Nature’s Feature of the Week reports on a new role for the amazing ATP molecule. “ATP – adenosine triphosphate – is to the body what oil is to the industrialized world. Produced in virtually every cell of every living thing, it is the primary power source for reactions as diverse as muscle contraction, protein synthesis and heat generation. Now new research confirms a very different role for ATP – as a trigger for pain receptors.”
Multiple functions for parts is an example of design efficiency and elegance. The 1997 Nobel prize winners in chemistry found that ATP in living things from single-celled organisms to man is generated by a complex three-phase proton motor. One biologist was heard to say that if these mechanisms stopped working, you would be dead before you hit the ground.
Cells Do Their Own Triage 01/30/2001
According to an article in this week's Science News (Vol 159 p. 54, 01/27/01), specialized proteins perform emergency first aid and morgue duty. Proteins dubbed "chaperones" are able to recognize badly-folded proteins and fix them. Another protein acts as a coroner and breaks apart proteins that are beyond repair.
Proteins cannot perform their duties if they are not folded properly. The folding gives the protein chain (a string of amino acids) its three-dimensional structure, which is essential to its function. This kind of intricate molecular origami is accomplished partly by the affinities of parts of the molecule for each other due to the specific order of amino acids (that is why the sequence of amino acids cannot tolerate much error), and partly with the assistance of helper enzymes. But mistakes happen. How does the cell recognize an error?
Gentlemen, Start Your Engines 01/23/2001
The Proceedings of the National Academy of Sciences describe more findings about our amazing molecular motor, ATP Synthase (a complex enzyme that won its elucidators the 1997 Nobel Prize). Your body has trillions of these tiny motors in the mitochondria of cells.
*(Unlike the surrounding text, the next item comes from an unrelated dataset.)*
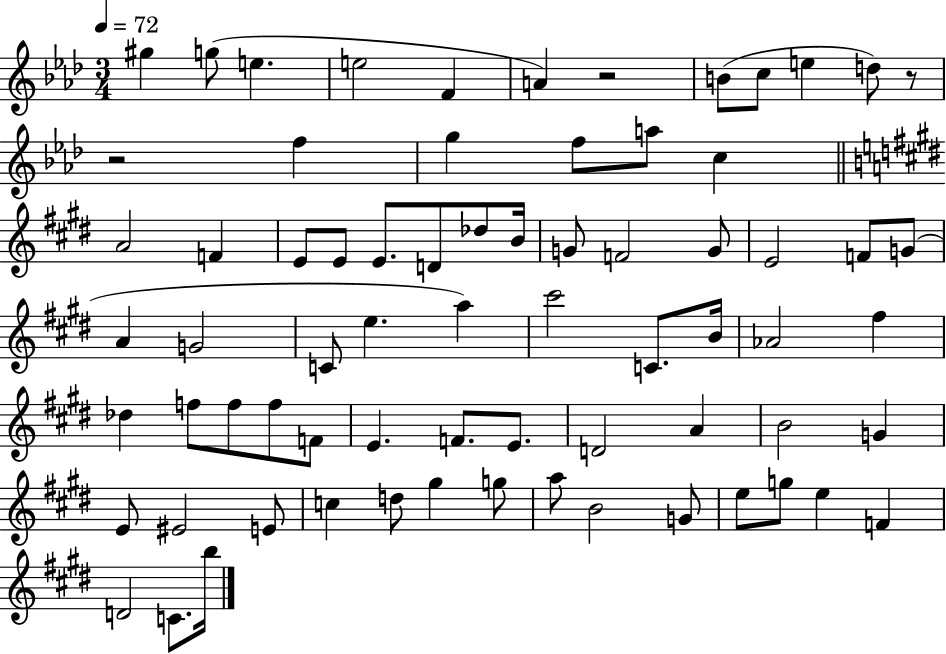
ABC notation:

Each motor is 200,000 times smaller than a pinhead, and rotates at 6000 RPM, generating three ATP molecules per revolution (if these motors stopped, you would be dead before you hit the floor). The motor is reversible and can be used as a proton pump. ATP is the energy currency of every living thing. An active person can generate his/her body weight in ATP in a day’s time. Today’s report describes more details of the rotor and stator, and contains color diagrams of these amazing molecular machines on which all life, even bacteria, depends.
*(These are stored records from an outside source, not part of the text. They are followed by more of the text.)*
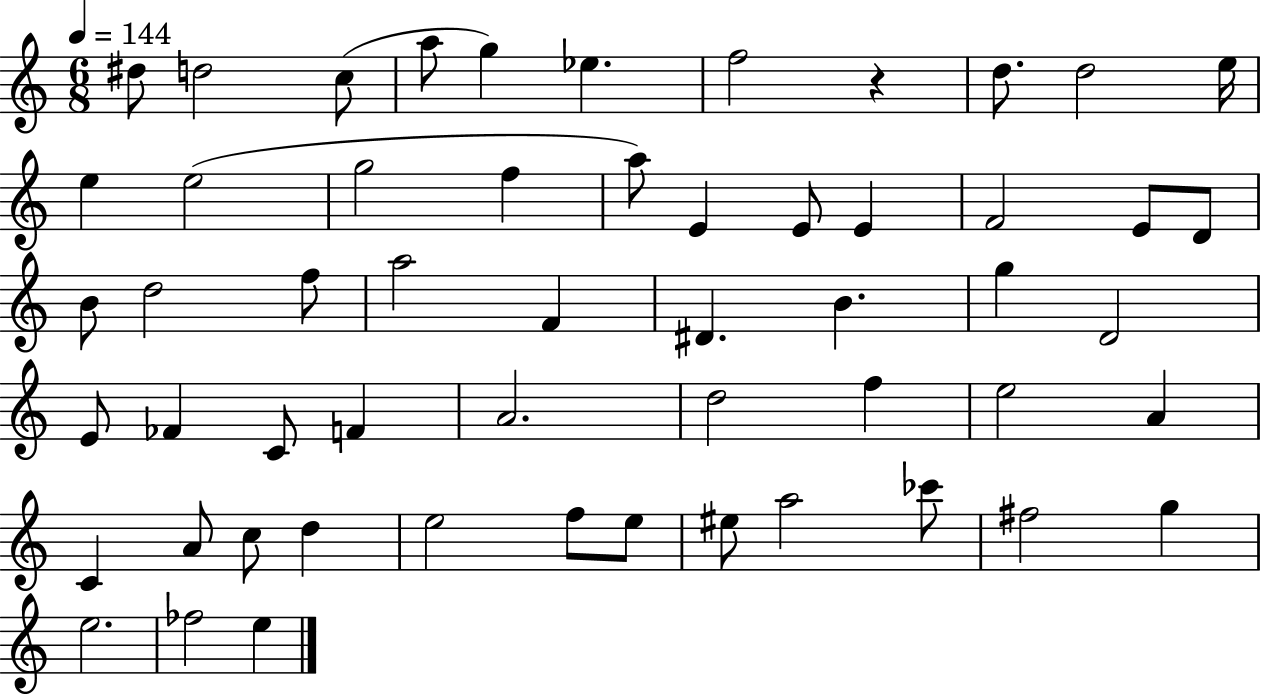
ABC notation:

X:1
T:Untitled
M:6/8
L:1/4
K:C
^d/2 d2 c/2 a/2 g _e f2 z d/2 d2 e/4 e e2 g2 f a/2 E E/2 E F2 E/2 D/2 B/2 d2 f/2 a2 F ^D B g D2 E/2 _F C/2 F A2 d2 f e2 A C A/2 c/2 d e2 f/2 e/2 ^e/2 a2 _c'/2 ^f2 g e2 _f2 e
“Dead” Plant Cells Regulate Their Water Intake 01/26/2001
Xylem isn’t just deadwood, according to a new study in the journal Science. The woody cells respond to changes in salinity and mineral content, and can regulate the speed at which water rises in the stem. How a tree can pump water up hundreds of feet is still a feat not thoroughly understood, and now this study casts new light on a function of cells thought to be inert. Reported in ScienceNOW 29 December 2000: 2
New Function Discovered for Human Brain Glia Cells 01/29/2001
Glia cells, which make up 90% of the human brain, are not as functionless as earlier believed, according to a story in the journal ScienceNOW 26 January 2001: 1 .They play an important role in determining how many connections the neurons can make with each other.
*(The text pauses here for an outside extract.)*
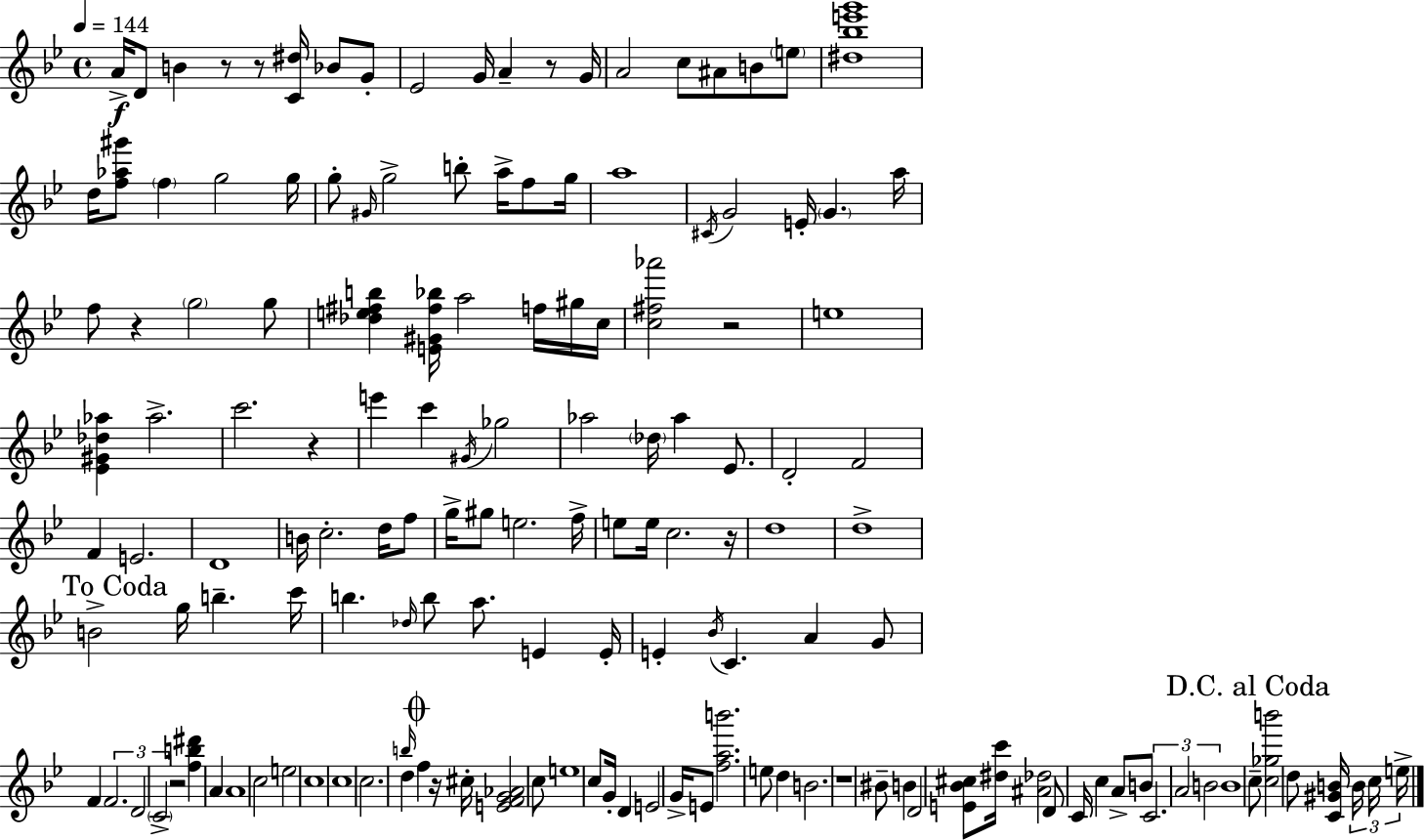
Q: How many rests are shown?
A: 10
Satoshi P. Tsunoda, Robert Aggeler, Masasuke Yoshida, and Roderick A. Capaldi
Rotation of the c subunit oligomer in fully functional F1Fo ATP synthase
PNAS published January 23, 2001, 10.1073/pnas.031564198
Newly-Published Human Genome Reveals Mysteries 02/12/2001
The Los Angeles Times has two stories about surprising discoveries being made now that the fully-mapped human genome is being published (on Charles Darwin’s birthday, by the way). The first is that differences between humans are small. The other is that our functional genome is only about twice that of a fly or roundworm and only a hundred more genes than a mouse. Apparently the rest of our genome contains a great deal of transposed material from other species, which may explain much of so-called “junk DNA.” Nature is providing a new online news and information service on the human genome, the Genome Gateway, and also has several gene-related stories on its daily Nature Science Update page. Not to be outdone, Science has a special issue devoted to the human genome, free to all users.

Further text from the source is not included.